We also need to redirect HTTP to HTTPS. Since we use Relayd(8) only for HTTPS, this will be done in httpd(8). Let's add a second server to our `httpd.conf`:

#+begin_src shell
server "michal.sapka.me" {
        listen on * port 80
        location * {
                block return 301 "https://$HTTP_HOST$REQUEST_URI"
        }
}
#+end_src

Now, when the user enters the site, the flow will look like:

1. httpd(8) will respond to :80 requests and return a 301 redirect to HTTPS
2. relayd(8) will catch the request to :443 and forward it on port :8080 to httpd(8)
3. httpd(8) will serve our site and pass the response to relayd(8) again
4. relayd(8) can modify headers before returning the response to the client.

Talking about modifying headers, let's apply some extra security!
We can expand our https protocol with the following:

#+begin_src shell
 # Return HTTP/HTML error pages to the client
    return error
    match request header set "X-Forwarded-For" value "$REMOTE_ADDR"
    match request header set "X-Forwarded-By" value "$SERVER_ADDR:$SERVER_PORT"
    match response header remove "Server"
    match response header append "Strict-Transport-Security" value "max-age=31536000; includeSubDomains"
    match response header append "X-Frame-Options" value "SAMEORIGIN"
    match response header append "X-XSS-Protection" value "1; mode=block"
    match response header append "X-Content-Type-Options" value "nosniff"
    match response header append "Referrer-Policy" value "strict-origin"
    match response header append "Content-Security-Policy" value "default-src https:; style-src 'self' \
      'unsafe-inline'; font-src 'self' data:; script-src 'self' 'unsafe-inline' 'unsafe-eval'"
    match response header append "Permissions-Policy" value "accelerometer=(), camera=(), \
      geolocation=(), gyroscope=(), magnetometer=(), microphone=(), payment=(), usb=()"

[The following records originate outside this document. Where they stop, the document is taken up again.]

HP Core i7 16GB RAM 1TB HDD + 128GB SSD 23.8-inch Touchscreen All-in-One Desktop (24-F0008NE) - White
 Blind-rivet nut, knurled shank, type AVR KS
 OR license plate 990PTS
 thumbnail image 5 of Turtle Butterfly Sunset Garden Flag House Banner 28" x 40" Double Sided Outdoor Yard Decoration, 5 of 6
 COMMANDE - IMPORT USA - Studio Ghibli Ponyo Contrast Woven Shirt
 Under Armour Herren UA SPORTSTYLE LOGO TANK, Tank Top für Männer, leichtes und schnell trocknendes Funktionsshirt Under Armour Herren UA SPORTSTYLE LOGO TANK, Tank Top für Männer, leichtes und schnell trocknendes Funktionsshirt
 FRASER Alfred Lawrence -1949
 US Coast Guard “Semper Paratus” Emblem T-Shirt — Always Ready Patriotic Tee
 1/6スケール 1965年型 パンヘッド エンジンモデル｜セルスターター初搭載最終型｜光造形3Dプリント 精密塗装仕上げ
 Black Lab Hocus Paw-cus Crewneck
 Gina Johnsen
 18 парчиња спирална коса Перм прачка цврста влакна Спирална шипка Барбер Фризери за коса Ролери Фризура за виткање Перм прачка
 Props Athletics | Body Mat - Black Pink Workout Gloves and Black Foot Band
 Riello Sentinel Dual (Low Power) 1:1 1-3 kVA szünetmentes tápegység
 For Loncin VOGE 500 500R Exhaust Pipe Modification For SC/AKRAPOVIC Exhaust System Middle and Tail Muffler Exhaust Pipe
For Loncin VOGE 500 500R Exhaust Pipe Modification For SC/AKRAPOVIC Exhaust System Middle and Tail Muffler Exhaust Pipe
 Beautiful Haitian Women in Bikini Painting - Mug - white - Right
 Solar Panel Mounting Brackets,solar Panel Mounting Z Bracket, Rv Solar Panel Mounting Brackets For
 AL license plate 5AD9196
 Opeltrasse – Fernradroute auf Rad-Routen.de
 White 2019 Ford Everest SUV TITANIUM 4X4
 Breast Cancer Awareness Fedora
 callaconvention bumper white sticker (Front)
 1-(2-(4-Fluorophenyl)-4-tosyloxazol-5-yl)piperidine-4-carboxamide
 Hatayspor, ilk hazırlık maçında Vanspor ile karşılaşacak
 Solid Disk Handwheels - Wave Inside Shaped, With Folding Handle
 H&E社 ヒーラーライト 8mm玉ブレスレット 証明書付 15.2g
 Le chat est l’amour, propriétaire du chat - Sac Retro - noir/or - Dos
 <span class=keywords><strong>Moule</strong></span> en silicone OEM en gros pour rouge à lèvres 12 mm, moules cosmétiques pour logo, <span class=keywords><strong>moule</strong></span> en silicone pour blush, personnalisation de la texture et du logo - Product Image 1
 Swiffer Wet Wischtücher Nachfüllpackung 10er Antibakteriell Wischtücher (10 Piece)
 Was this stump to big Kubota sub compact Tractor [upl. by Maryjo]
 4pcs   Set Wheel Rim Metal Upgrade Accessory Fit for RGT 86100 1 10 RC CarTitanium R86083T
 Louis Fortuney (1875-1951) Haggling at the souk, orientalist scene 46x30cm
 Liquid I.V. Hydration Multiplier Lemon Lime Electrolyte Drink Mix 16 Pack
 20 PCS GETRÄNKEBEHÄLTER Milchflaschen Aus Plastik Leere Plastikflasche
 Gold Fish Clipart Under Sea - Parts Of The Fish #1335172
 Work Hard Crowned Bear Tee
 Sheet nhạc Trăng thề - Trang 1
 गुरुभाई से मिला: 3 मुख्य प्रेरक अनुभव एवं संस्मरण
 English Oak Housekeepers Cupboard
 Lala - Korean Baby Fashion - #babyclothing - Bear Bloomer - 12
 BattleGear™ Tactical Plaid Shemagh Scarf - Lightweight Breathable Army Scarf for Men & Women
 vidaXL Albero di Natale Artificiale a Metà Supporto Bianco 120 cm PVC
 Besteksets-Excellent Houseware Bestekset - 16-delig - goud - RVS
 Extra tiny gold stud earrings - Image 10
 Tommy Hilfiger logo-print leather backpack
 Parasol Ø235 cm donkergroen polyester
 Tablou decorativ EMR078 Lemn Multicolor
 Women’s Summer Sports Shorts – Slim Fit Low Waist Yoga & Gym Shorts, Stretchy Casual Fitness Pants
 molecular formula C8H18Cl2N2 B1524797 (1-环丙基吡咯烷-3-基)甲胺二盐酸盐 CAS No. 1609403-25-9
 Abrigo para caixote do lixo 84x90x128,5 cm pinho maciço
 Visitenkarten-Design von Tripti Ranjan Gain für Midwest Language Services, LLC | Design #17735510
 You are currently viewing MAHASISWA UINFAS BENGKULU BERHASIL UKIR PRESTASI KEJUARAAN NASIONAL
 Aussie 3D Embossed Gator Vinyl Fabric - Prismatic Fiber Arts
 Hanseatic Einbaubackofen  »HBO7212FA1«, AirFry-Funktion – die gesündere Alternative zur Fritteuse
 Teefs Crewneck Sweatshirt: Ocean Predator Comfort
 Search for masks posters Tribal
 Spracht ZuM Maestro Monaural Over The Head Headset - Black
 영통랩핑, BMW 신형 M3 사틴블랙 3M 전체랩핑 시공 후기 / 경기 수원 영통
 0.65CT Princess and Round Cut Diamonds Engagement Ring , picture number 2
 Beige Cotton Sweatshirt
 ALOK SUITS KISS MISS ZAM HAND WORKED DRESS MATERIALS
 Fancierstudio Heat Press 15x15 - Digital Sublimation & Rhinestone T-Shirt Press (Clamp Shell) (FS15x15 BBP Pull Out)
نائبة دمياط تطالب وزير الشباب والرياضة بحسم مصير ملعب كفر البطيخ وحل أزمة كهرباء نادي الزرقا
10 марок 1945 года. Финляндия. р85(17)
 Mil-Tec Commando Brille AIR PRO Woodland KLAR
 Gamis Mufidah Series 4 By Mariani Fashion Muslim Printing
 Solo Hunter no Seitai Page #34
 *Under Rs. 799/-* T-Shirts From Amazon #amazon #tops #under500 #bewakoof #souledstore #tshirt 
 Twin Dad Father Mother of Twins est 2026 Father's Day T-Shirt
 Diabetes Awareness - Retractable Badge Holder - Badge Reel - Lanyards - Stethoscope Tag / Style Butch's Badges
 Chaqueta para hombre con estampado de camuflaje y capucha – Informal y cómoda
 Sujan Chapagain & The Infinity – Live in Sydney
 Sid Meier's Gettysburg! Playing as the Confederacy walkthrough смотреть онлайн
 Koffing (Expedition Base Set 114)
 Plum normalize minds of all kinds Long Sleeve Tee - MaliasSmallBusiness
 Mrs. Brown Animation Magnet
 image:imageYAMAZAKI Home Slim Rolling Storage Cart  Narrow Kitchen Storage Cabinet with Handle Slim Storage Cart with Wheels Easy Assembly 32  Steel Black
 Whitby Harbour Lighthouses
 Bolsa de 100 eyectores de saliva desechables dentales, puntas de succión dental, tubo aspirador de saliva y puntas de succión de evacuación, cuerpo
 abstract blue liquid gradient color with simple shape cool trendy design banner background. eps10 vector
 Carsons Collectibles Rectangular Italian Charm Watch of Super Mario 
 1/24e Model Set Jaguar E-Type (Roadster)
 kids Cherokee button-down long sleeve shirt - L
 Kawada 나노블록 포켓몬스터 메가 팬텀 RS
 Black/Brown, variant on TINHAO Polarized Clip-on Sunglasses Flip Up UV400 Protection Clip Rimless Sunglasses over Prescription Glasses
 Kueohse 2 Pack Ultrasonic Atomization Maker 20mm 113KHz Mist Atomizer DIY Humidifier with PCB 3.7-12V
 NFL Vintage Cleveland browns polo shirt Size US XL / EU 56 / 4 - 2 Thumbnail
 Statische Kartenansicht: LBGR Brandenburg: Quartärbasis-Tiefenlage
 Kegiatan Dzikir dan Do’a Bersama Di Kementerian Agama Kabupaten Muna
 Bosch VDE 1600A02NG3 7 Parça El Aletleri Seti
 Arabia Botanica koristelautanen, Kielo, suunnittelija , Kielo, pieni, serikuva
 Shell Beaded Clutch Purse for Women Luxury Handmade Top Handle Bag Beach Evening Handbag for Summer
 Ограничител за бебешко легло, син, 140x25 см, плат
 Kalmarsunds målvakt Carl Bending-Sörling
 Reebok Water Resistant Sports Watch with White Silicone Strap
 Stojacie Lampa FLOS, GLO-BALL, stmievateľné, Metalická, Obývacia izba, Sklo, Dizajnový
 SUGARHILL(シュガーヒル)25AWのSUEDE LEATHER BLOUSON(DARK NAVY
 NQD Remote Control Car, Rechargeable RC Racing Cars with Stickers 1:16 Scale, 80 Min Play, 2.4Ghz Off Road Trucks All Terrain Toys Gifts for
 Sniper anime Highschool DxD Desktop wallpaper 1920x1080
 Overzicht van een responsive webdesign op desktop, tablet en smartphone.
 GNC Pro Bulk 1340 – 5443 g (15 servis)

    # set recommended tcp options
    tcp { nodelay, sack, socket buffer 65536, backlog 100 }

    # set up certs
    tls { no tlsv1.0, ciphers "HIGH:!aNULL:!SSLv3:!DSS:!ECDSA:!RSA:-ECDH:ECDHE:+SHA384:+SHA256" }
#+end_src

I won't discuss details here as each header has a dedicated MDM webdoc.
Most of the headers here are considered a standard.

Besides adding headers, we configure TLS here, disabling weak ciphers and old TLS versions and adding some standard config.

Lastly, we can automate refreshing the certificate via cron(8):

#+begin_src shell
0~59 0~23 * * 1 acme-client michal.sapka.me &&  rcctl reload relayd
#+end_src

It looks almost like a normal cron.
The "0~59" and "0~29" parts are unique to OpenBSD: Cron(8) will evenly split all tasks between specified time boxes so that no two jobs run simultaneously.

We now have created a fully working web server without any 3rd party packages.
All OpenBSD provided, all secure, all simple, all cool as ice.

To further your knowledge, you can challenge the assumption that BSD has the best doc and read man pages for =httpd.conf(5)=, =relayd.conf(5)=, and =acme-client.conf(5)=.

I also can't recommend enough "Httpd and Relayd Mastery" by Michael W. Lucas[fn:mwl2]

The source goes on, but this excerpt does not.